Apesar de não estar listada na composição do staff no site oficial, o Sport conta com a administradora Luana Moreno, que atualmente ocupa o cargo de gerente de futebol. Desde 2018, Luana lida com contratos e negociações relacionadas ao departamento de futebol do Leão.
Na Série B, Cruzeiro (chefes de marketing e de projetos incentivados), Londrina (secretária Geral do conselho de representantes), Remo (diretoras de patrimônio, responsabilidade social e do voleibol), Ponte Preta e Náutico (diretoras de operação de jogo e de responsabilidade social) têm mulheres em suas gestões.

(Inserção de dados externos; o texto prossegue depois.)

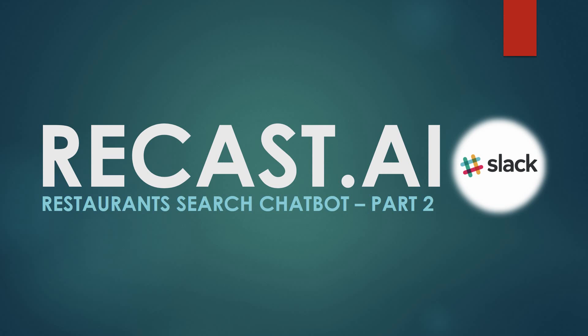Hi everyone, this is Dennis Penn again from SAP. Today we are talking about restaurant search chatbot on Recast.ai for part two. This part we are talking about integration of the chatbot you created on Recast.ai to that of Slack.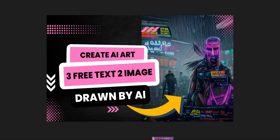Hi, in this video I'm going to be showing you how to create AI art with three free text to image generators. I'm Vince from Digital Nomad Institute. So let's get started.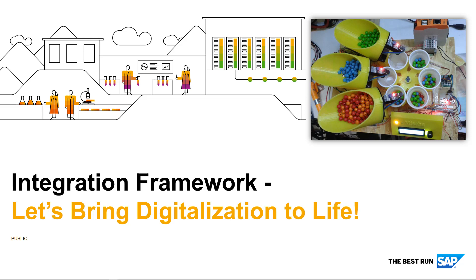Welcome to the Integration Framework for SAP Business One, bringing digitalization to life.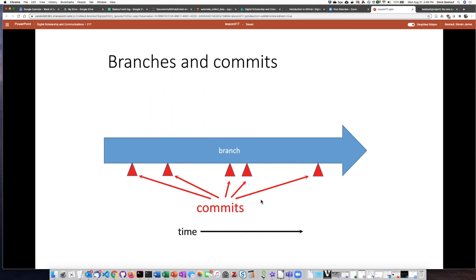Each of these snapshots represents a point in time at which you can go back and either look at the work you've done, see how it compares with the work currently or how it compares with the version before or version after.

A luta para reafirmar espaço
Há exatos três anos, no dia 8 de março de 2018, o Náutico anunciou a criação da Diretoria da Mulher, um departamento para garantir representatividade e respeito para as mulheres no ambiente futebolístico (e também fora dele). Na época, quem ficou à frente dessa campanha e despontou como a primeira diretora do clube foi Tatiana Roma. A história dela com o Náutico, entretanto, vem de muito antes. Filha de alvirrubro e sócia desde criança, a paixão de Tatiana pelo clube começou na infância e perdura até os dias atuais através de atuações administrativas dentro da gestão alvirrubra.
Atualmente, Tatiana ocupa o posto de Diretora de Operações de Jogos, sendo responsável pela parte operacional - como o público e ingressos - de todas as partidas que acontecem no estádio dos Aflitos. O cargo implica fazer articulações internas e externas, o que pode ser desafiador diante de um ambiente machista. Tatiana conta que nunca sofreu agressões explícitas, mas ao longo de sua trajetória já foi vítima de situações de machismo velado. "Você vê olhares, você sente como se sua palavra valesse menos… Querem falar com alguém superior a você para resolver alguma coisa”, revela.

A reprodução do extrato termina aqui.